*Records for the task:*
━━━━━━━━━━━━━━━━━━━━━━━━━━━━━━
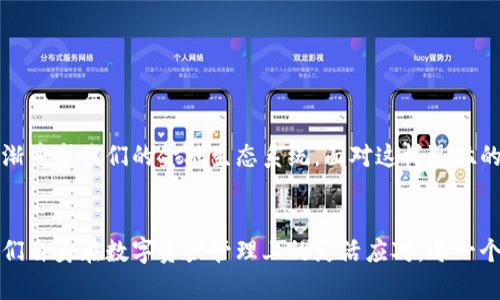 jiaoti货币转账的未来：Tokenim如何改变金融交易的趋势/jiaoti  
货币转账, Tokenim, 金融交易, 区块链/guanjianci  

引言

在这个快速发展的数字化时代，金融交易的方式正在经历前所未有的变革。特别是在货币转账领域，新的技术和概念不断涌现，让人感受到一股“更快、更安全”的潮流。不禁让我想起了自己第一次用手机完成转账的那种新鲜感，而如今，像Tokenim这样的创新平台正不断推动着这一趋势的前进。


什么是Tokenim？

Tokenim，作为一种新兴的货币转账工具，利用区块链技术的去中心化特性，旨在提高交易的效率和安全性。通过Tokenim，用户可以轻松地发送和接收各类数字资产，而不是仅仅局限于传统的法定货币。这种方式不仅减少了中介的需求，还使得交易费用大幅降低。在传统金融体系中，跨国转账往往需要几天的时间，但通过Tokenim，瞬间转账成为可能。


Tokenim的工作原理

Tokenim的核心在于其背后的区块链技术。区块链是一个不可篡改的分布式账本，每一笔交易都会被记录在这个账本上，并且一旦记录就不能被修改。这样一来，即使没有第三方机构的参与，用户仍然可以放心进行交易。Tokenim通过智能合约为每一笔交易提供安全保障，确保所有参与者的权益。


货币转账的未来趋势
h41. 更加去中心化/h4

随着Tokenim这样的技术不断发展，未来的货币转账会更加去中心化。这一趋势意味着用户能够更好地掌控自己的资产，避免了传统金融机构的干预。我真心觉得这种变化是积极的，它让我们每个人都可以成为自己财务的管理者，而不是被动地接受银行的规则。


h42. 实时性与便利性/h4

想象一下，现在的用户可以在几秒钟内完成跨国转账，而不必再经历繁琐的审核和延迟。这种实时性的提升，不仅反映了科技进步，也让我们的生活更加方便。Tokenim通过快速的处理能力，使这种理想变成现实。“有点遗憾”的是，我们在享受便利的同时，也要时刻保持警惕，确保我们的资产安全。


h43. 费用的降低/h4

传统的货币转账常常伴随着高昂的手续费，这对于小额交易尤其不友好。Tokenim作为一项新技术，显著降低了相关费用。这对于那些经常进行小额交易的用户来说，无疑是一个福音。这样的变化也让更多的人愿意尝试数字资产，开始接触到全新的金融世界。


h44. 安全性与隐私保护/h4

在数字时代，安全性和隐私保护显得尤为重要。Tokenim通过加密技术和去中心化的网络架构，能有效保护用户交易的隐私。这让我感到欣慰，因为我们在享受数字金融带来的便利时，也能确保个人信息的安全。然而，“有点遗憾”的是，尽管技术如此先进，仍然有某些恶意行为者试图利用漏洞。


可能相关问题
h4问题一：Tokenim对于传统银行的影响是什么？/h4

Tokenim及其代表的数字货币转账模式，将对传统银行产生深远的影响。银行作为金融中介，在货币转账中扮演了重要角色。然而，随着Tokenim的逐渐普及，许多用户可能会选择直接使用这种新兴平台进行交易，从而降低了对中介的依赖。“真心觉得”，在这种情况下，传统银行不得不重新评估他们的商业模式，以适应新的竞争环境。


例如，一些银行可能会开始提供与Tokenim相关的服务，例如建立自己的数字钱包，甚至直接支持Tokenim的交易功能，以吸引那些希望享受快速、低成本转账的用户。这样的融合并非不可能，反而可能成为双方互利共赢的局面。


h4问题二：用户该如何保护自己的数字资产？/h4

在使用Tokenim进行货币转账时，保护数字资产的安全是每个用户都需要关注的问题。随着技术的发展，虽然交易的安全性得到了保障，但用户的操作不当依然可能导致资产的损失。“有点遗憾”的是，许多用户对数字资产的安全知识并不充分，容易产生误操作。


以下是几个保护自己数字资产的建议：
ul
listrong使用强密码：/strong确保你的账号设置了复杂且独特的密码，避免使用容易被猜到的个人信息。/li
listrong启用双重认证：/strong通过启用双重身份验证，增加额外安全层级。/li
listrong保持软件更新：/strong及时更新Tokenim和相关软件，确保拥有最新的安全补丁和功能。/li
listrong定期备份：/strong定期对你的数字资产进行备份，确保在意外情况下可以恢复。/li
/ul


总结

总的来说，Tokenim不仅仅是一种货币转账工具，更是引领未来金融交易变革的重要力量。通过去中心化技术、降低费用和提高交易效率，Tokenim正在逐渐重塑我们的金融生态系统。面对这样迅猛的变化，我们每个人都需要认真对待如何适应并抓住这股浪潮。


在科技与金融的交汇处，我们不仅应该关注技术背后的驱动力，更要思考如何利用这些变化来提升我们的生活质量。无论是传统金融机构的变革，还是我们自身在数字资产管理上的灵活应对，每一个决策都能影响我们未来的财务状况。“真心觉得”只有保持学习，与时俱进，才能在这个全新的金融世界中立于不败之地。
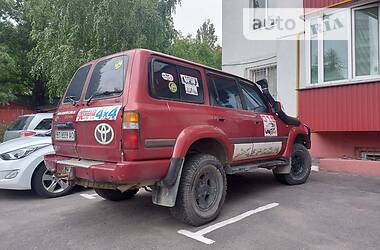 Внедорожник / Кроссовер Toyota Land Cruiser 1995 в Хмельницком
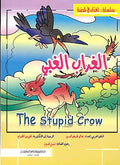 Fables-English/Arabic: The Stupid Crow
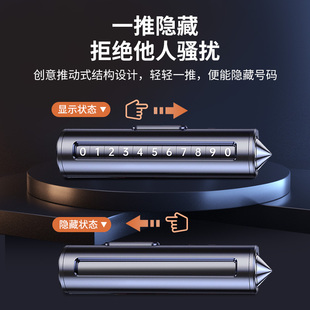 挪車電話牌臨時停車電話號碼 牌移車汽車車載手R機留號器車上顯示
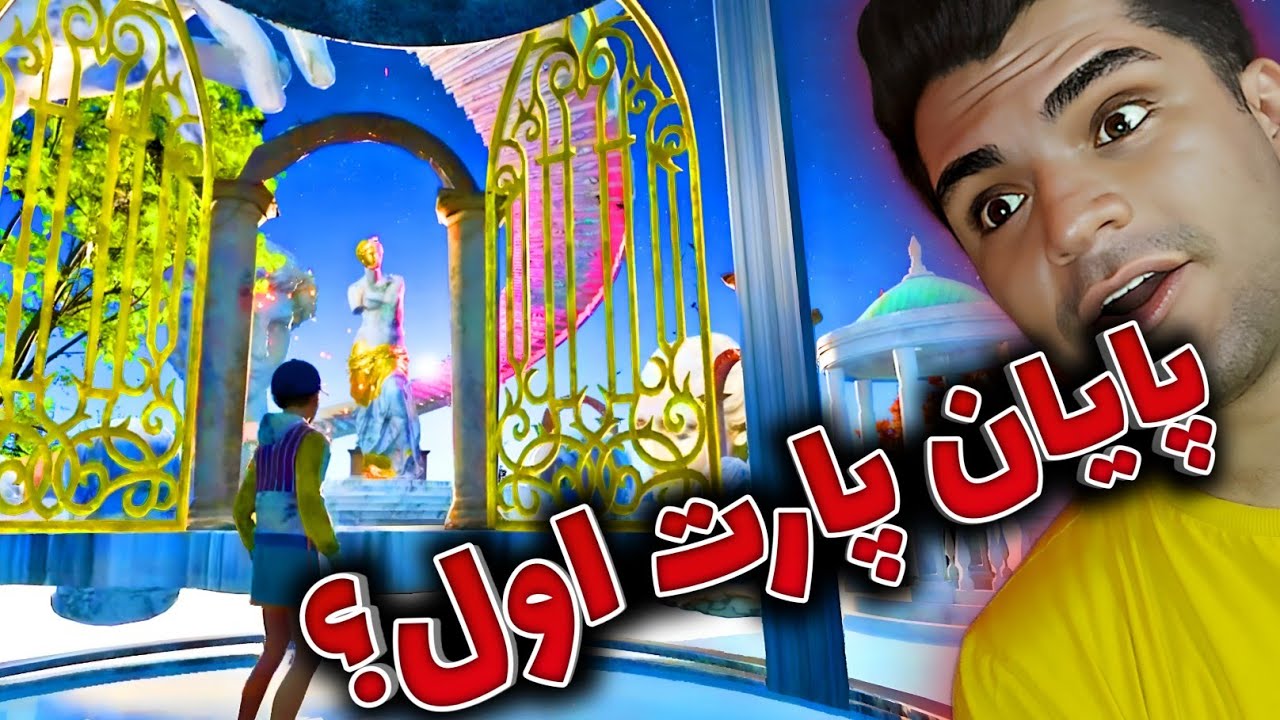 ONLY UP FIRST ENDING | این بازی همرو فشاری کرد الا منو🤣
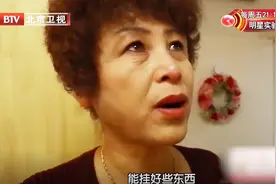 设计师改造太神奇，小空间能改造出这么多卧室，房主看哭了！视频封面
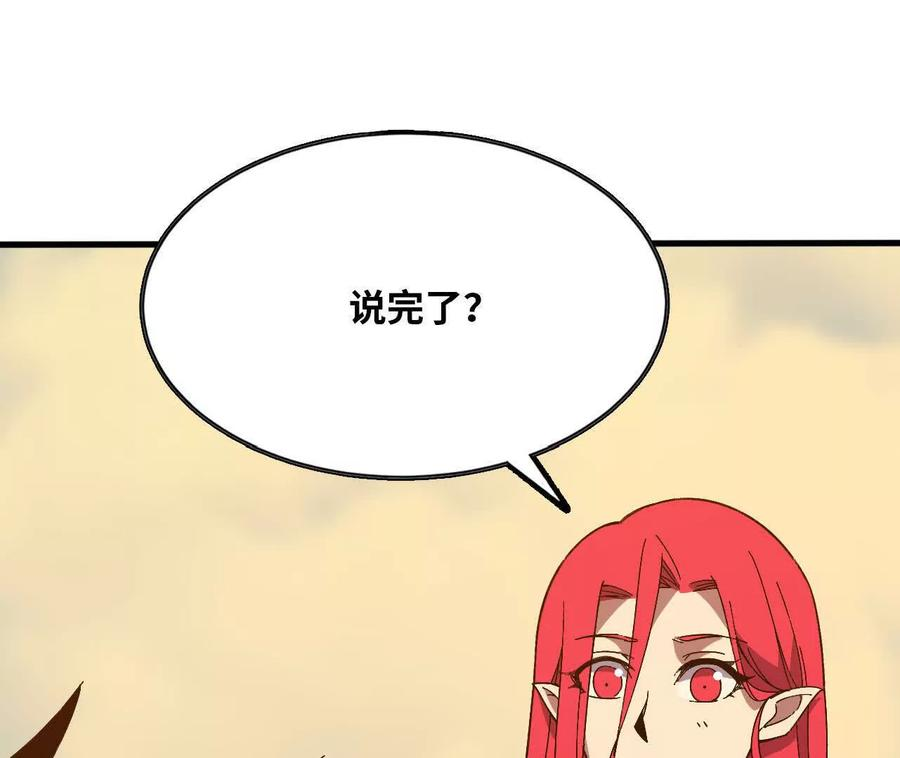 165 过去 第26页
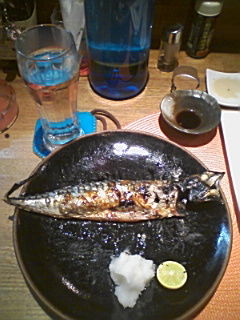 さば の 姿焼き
━━━━━━━━━━━━━━━━━━━━━━━━━━━━━━
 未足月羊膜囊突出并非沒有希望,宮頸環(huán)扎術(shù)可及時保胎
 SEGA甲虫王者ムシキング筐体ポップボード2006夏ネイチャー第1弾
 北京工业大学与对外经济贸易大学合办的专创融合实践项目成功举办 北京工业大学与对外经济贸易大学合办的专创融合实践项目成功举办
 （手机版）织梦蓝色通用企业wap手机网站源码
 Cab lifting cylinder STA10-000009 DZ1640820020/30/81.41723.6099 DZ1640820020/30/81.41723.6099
━━━━━━━━━━━━━━━━━━━━━━━━━━━━━━
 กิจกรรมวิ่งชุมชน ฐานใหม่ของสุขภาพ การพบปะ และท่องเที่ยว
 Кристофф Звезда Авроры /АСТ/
━━━━━━━━━━━━━━━━━━━━━━━━━━━━━━
*Action item:*
Beginning at the line with "h42. 实时性与便利性/h4" and stopping after the line with "h43. 费用的降低/h4", please write out every line of the data above exactly and nothing else.

*Output below:*
h42. 实时性与便利性/h4

想象一下，现在的用户可以在几秒钟内完成跨国转账，而不必再经历繁琐的审核和延迟。这种实时性的提升，不仅反映了科技进步，也让我们的生活更加方便。Tokenim通过快速的处理能力，使这种理想变成现实。“有点遗憾”的是，我们在享受便利的同时，也要时刻保持警惕，确保我们的资产安全。


h43. 费用的降低/h4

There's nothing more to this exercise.